The issue now is that TCU could still be reeling from the effects of losing at least three defensive starters due to the drug arrests made on Wednesday, decreasing the quality of that contest, even late in the season. The third-best game is against Baylor, a team that faces major question marks on both sides of the ball after getting terrible safety play in 2011 and losing the best player in the history of the program, as well as their top receiver and running back. Lache Seastrunk enters the fold and there is still some talent at wide receiver, but it's still easy to predict a drop off there.
In other words, things could have been worse for the home schedule, but replacing Texas A&M with TCU doesn't look as appealing now as it did a matter of hours ago.
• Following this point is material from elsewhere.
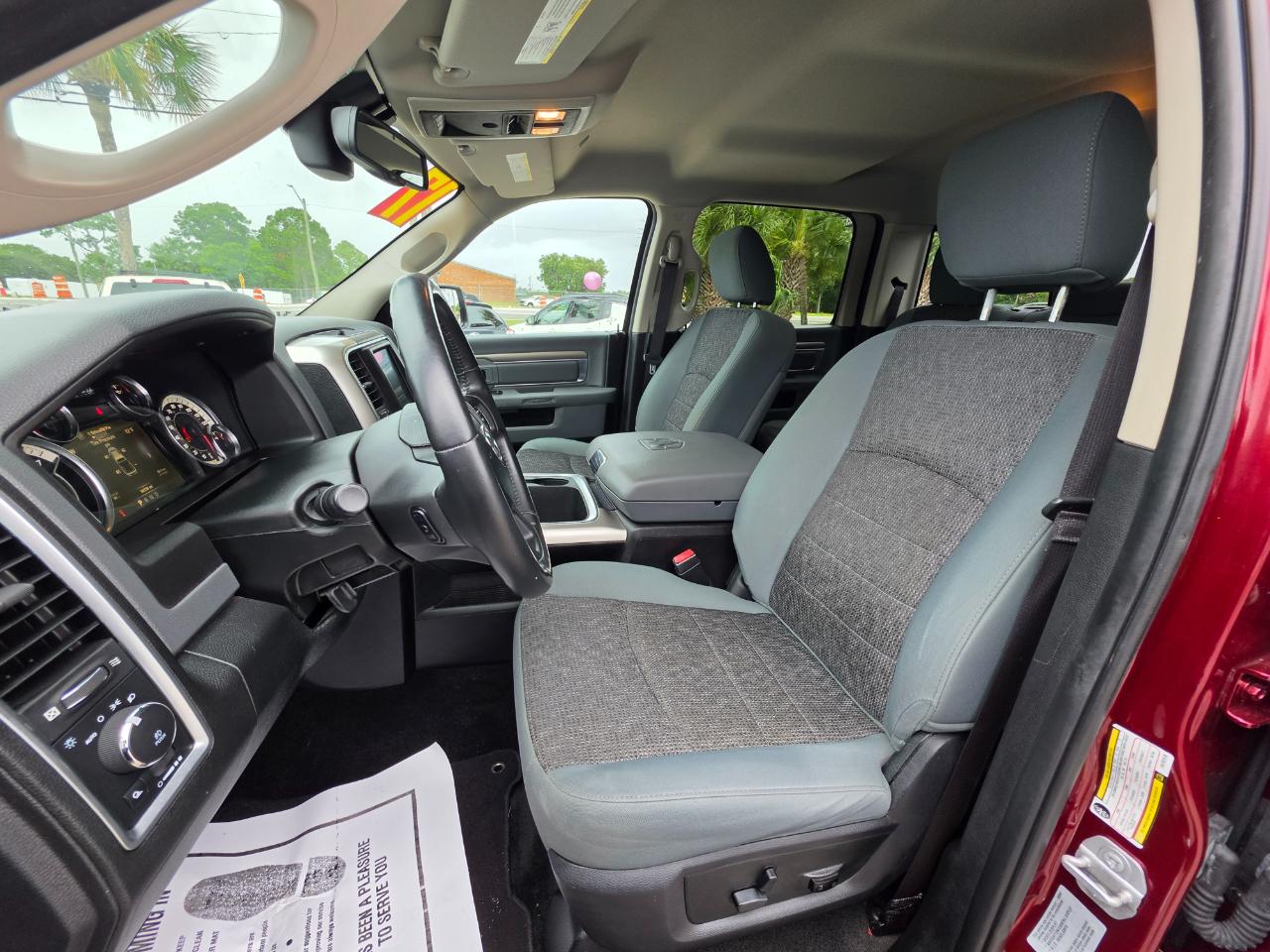 RAM 1500 Big Horn 4x2 Crew Cab 5'7" Box 2017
That game is currently scheduled for the Saturday following Thanksgiving, but the current expectation is for the game to be moved back to Turkey Day as soon as ESPN and Fox work out a deal for the television rights.
The final game against Kansas State in Manhattan could be a huge game if the Longhorns are working to make a BCS bowl at that point -- the expectation for the season. Is this the year that Texas finally breaks the vice-like grip of EcoKat around our throat? Doing so could be the difference between a successful season and another mid-tier bowl game.
It could well be cold and windy, which may not favor either team, as both are expected to feature the run heavily, but it will be senior night for quarterback Collin Klein and, well, Kansas State owns Texas.
The season-defining stretch for Texas could well come early in the season, starting with the conference opener against Oklahoma State. Fortunately for the 'Horns, the Pokes could have a quarterback competition that lasts into the fall and will also have to replace all-world wide receiver Justin Blackmon. Expect T. Boone's boys to rely more heavily on the running game, which will feature a talented stable of backs including the proven and versatile Joseph Randle, bruising Jeremy Smith, and scat back Hershel Sims, the former Abilene star Texas passed over in favor of Malcolm Brown.
Following that contest, Texas will face a much stiffer challenge when hosting West Virginia, though entering the second year under Manny Diaz should eliminate the adjustment period that was needed in 2011 and result in the Longhorn defense being much more prepared for the high-powered offensive attack of the Mountaineers.
After hosting Holgo and company, Texas will make the trip up I-35 to the Cotton Bowl for the annual showdown there with Oklahoma, which will benefit from the return of Landry Jones and addition of Trey Metoyer, the former East Texas star who had to spend a year at a prep school after failing to qualify out of high school. The concerns for the Sooners revolve around the running game that struggled last year and some major losses on defense, including Big 12 Co-Defensive Player of the Year Frank Alexander and star linebacker Travis Lewis.
If the Longhorns can make it through that stretch at 2-1, which is probably moderately hopeful, Texas should be in good position to compete for the Big 12 title and a BCS bid, depending on what happens with the Kansas State game to end the season.
So, BONizens, what are your predictions for Texas in conference play and can the Longhorns pull out a Big 12 title with this schedule?